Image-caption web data
※ ※ ※

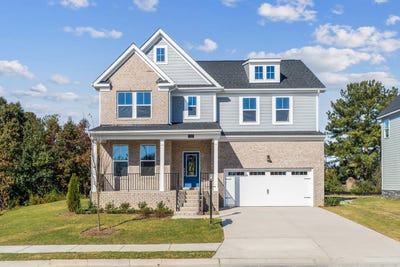 /international/us/119-robert-bruce-rd-poquoson-va-110094014205/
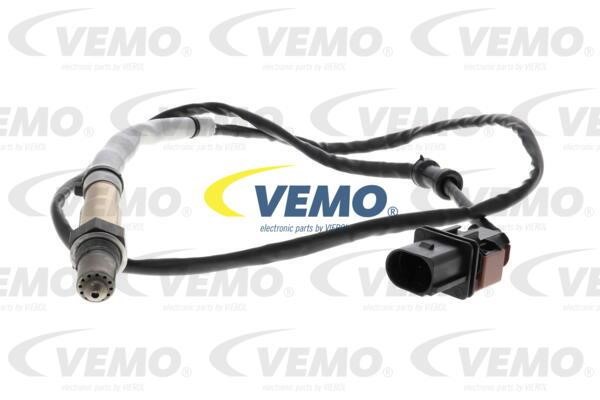 Vemo V10-76-0101 Lambda sensor V10760101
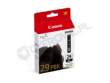 Canon PGI-29PBK Photo Black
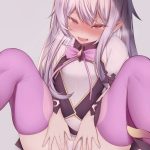 レス79番の画像サムネイル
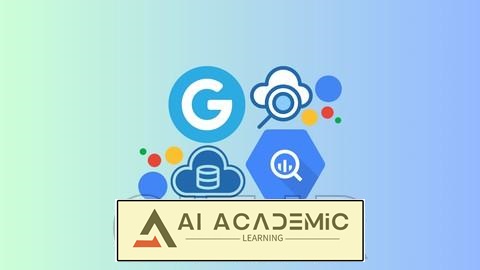 آموزش BigQuery گوگل برای برنامه‌نویسان - تحلیل و مصورسازی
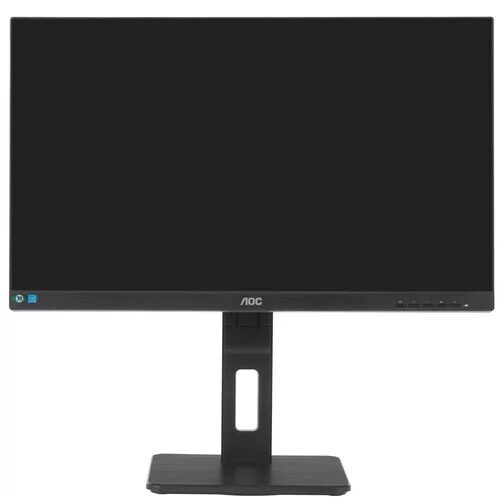 238monitoraoc24p2qmchernyj_2_5039230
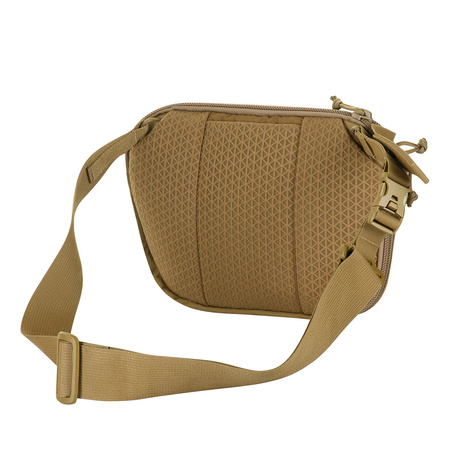 Torba Sphaera Hardsling Bag Large Elite  - Coyote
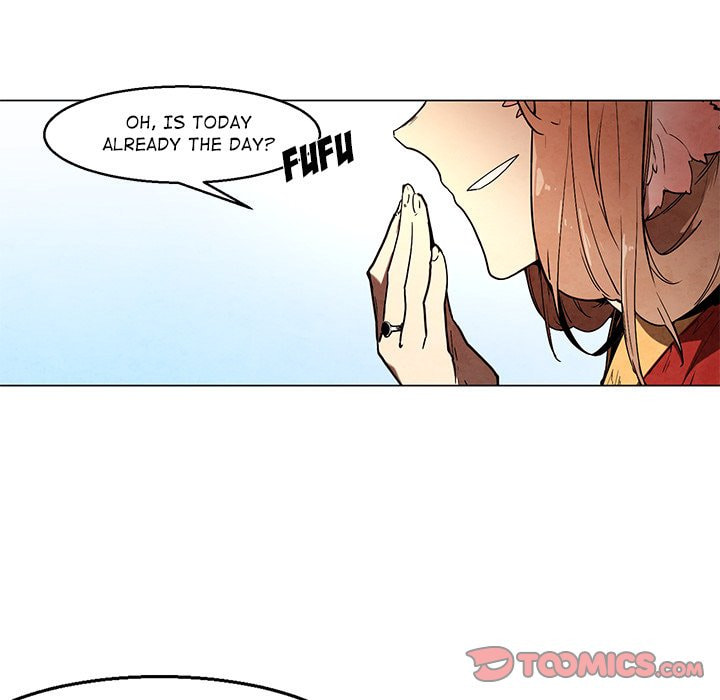 Read Heiquan chapter 41 image 28 on Lezhin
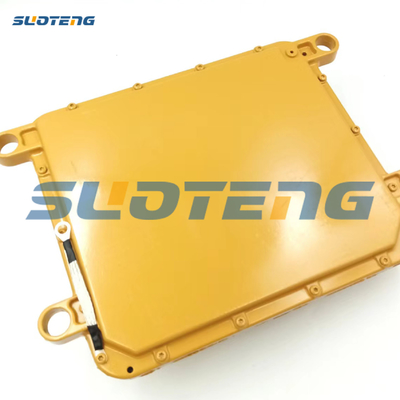172-9389 1729389 Controlador ECU ECM Para 120H 140H Grader de motor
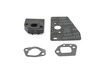 SPACER KIT-CARB – Part Number: KH-14-112-09-S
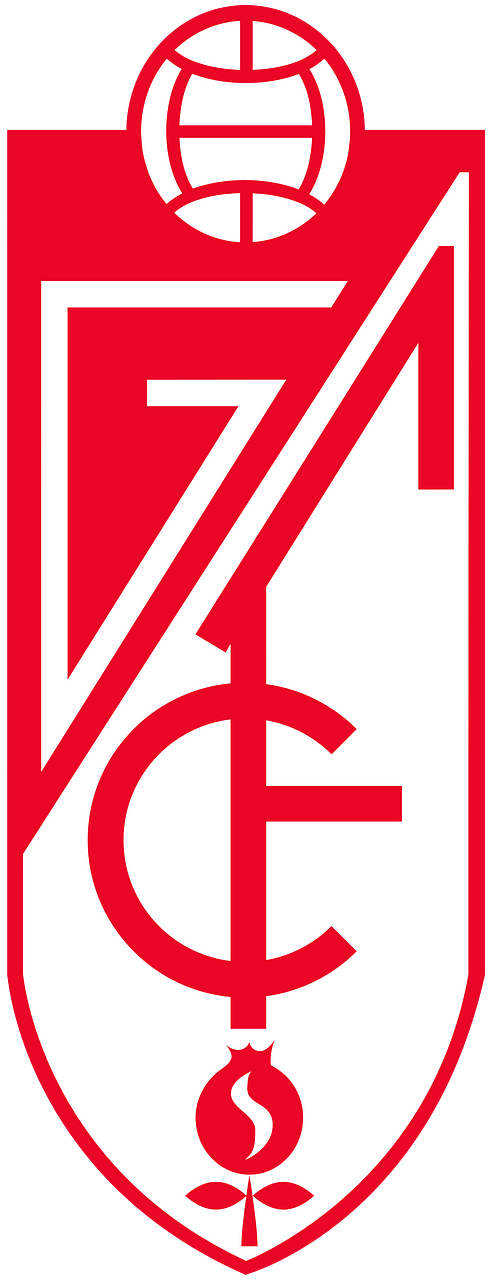 Granada CF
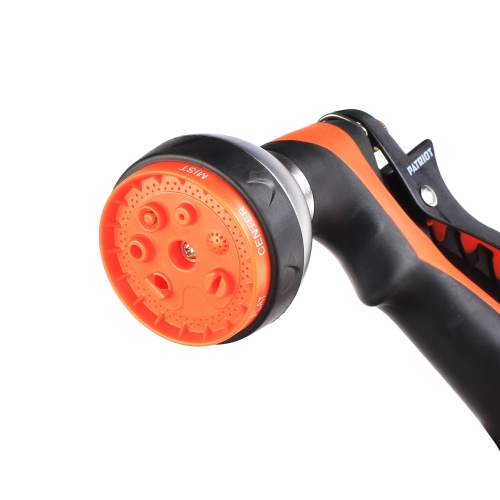 Пистолет-распылитель PATRIOT GZP 7 купить в Москве с доставкой по всей России | ProtosMarket.ru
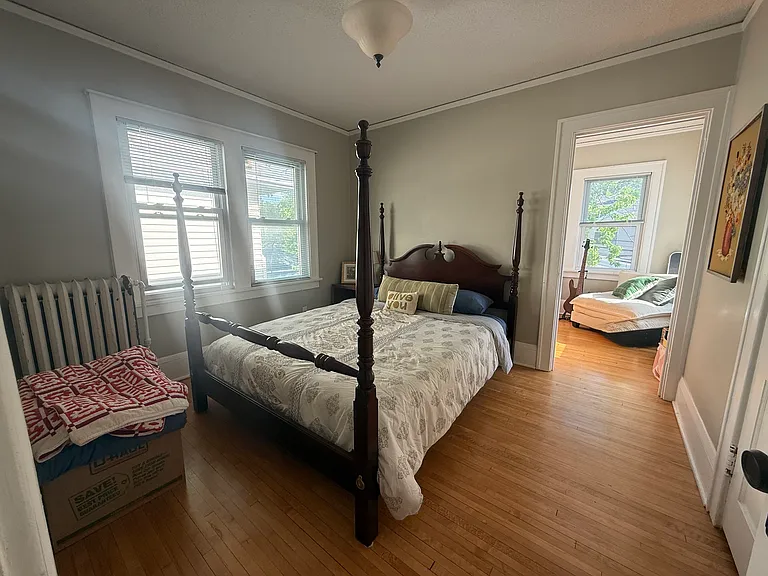 874 Hague Ave #2 — Photo 6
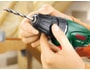 Perceuse - visseuse BOSCH PSR12 - 1 batterie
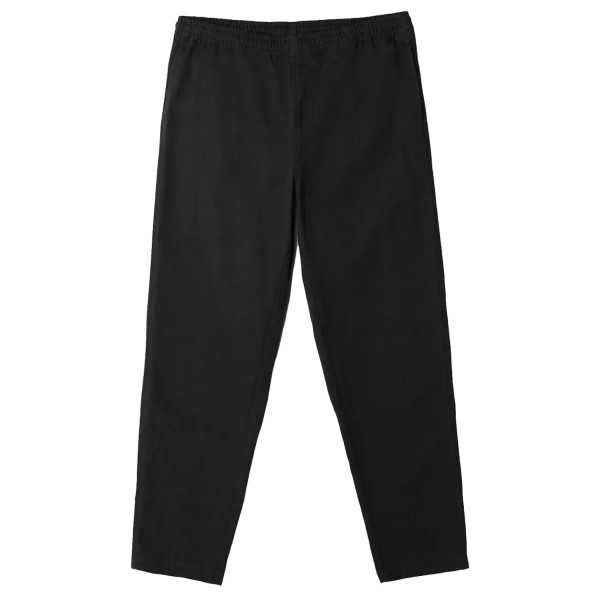 OBEY - PANTALÓN EASY TWILL OUTLET - 1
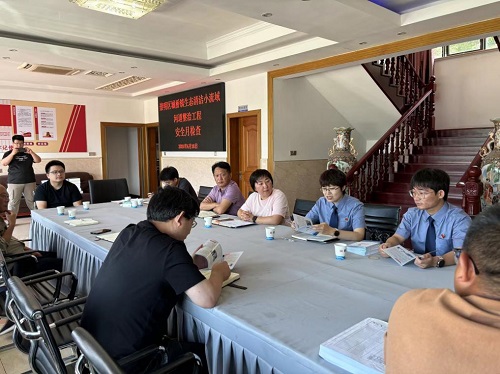 崇明检察院第二检察部联合区水务局、区建管委等部门开展“联动监督检查”1.jpg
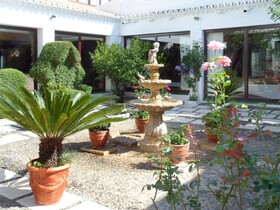 TRH Mijas Hotel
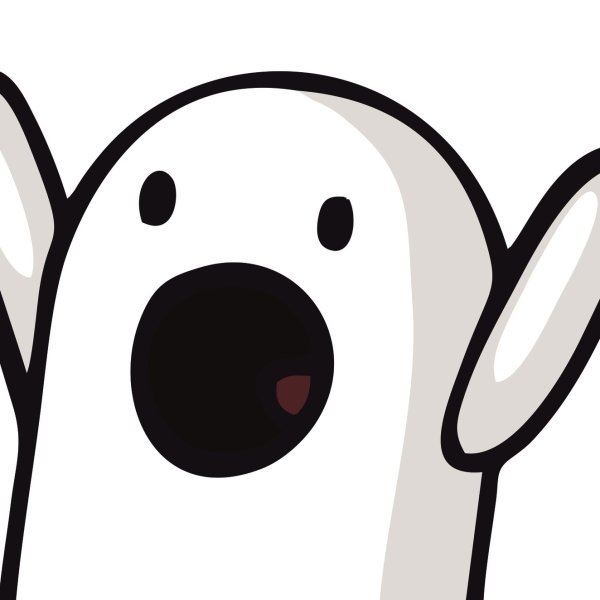 Привидение Ничоси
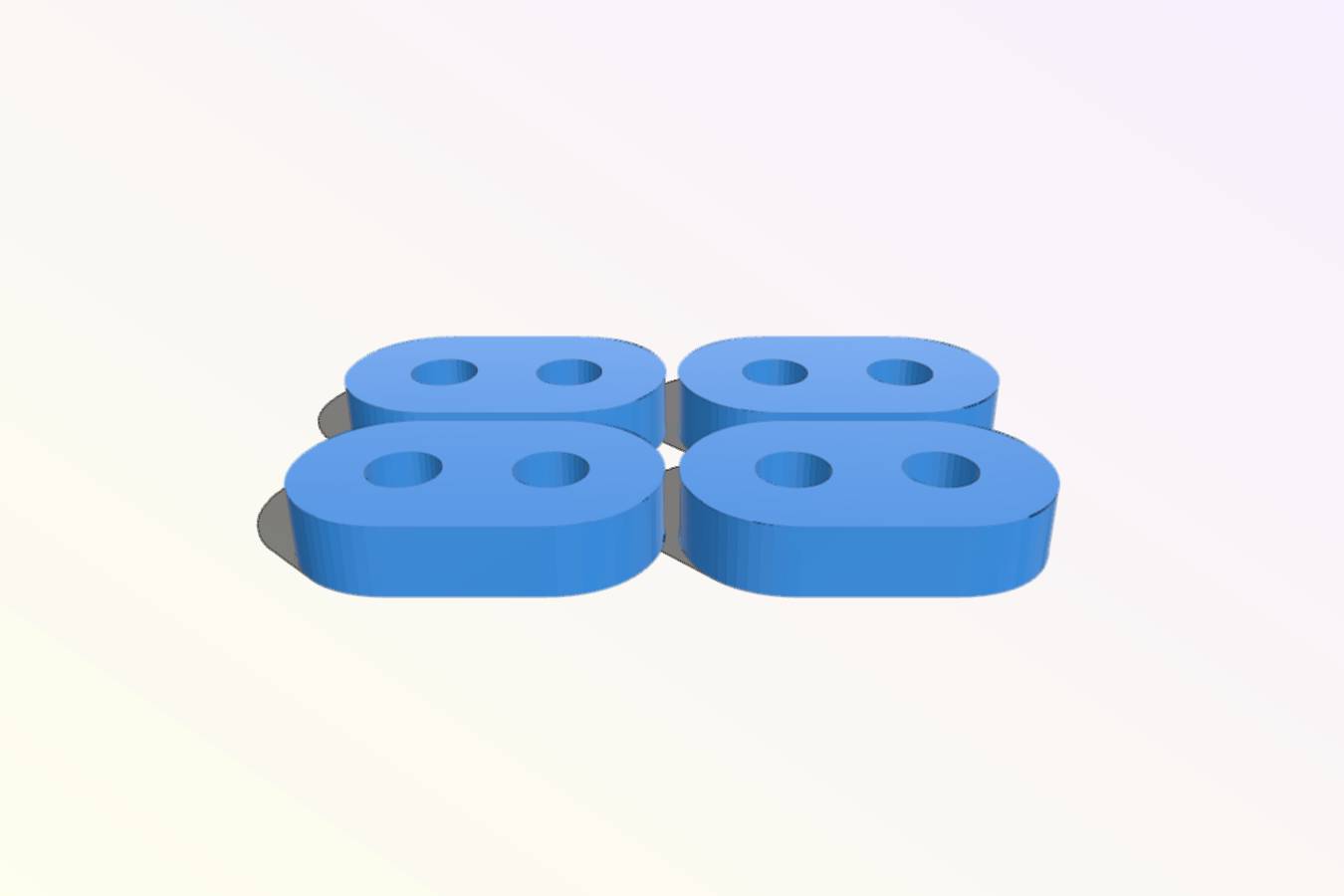 4f5e32a4-0d9c-48ba-aa20-ce2bb8c9994d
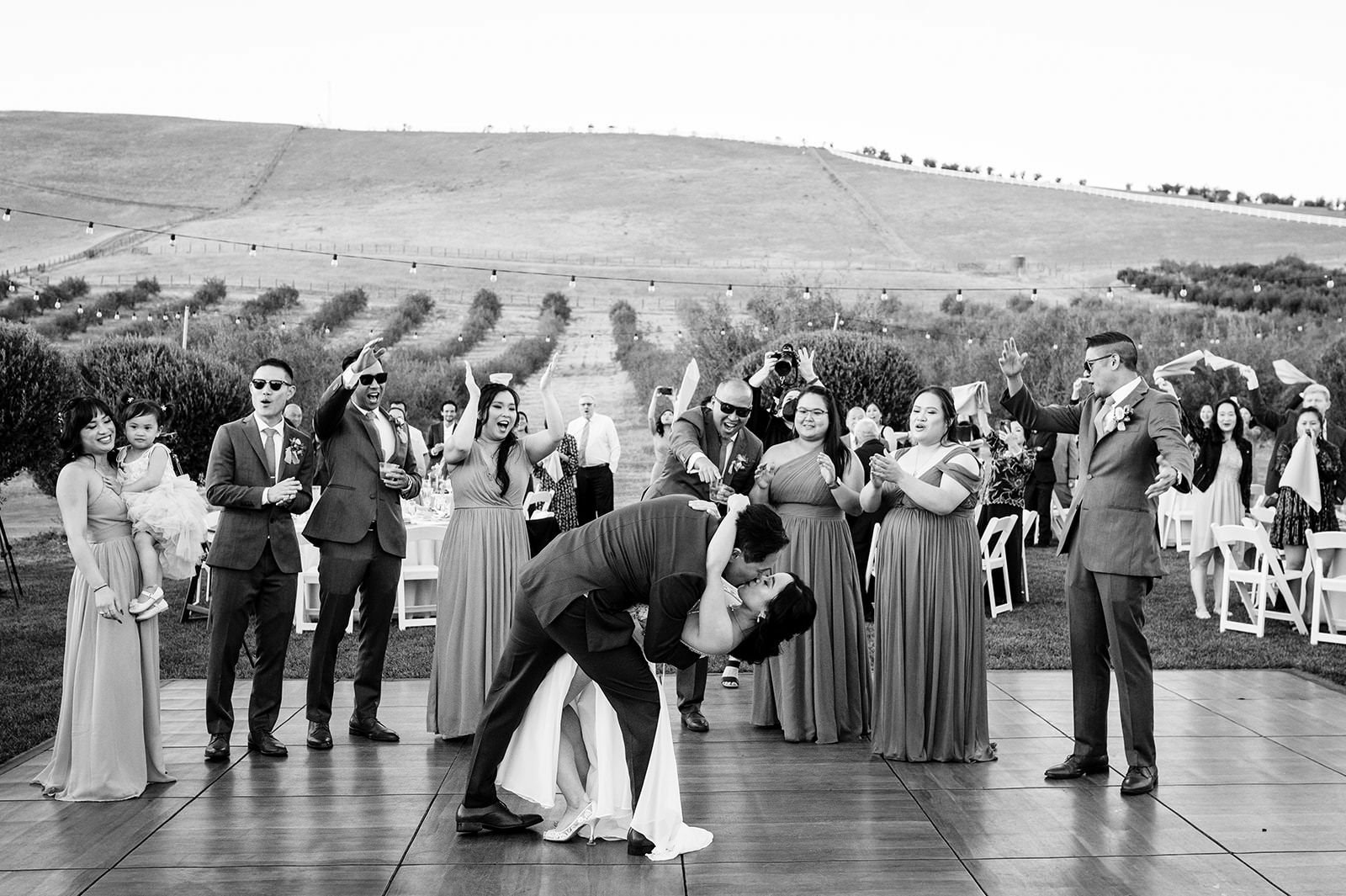 purple orchid resort wedding photography 97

※ ※ ※

### What is needed
An answer containing only the lines from the one holding "Perceuse - visseuse BOSCH PSR12 - 1 batterie" through the close of the entries above, reproduced exactly and stripped of pictures, is expected.

### Task solution
 Perceuse - visseuse BOSCH PSR12 - 1 batterie
 OBEY - PANTALÓN EASY TWILL OUTLET - 1
 崇明检察院第二检察部联合区水务局、区建管委等部门开展“联动监督检查”1.jpg
 TRH Mijas Hotel
 Привидение Ничоси
 4f5e32a4-0d9c-48ba-aa20-ce2bb8c9994d
 purple orchid resort wedding photography 97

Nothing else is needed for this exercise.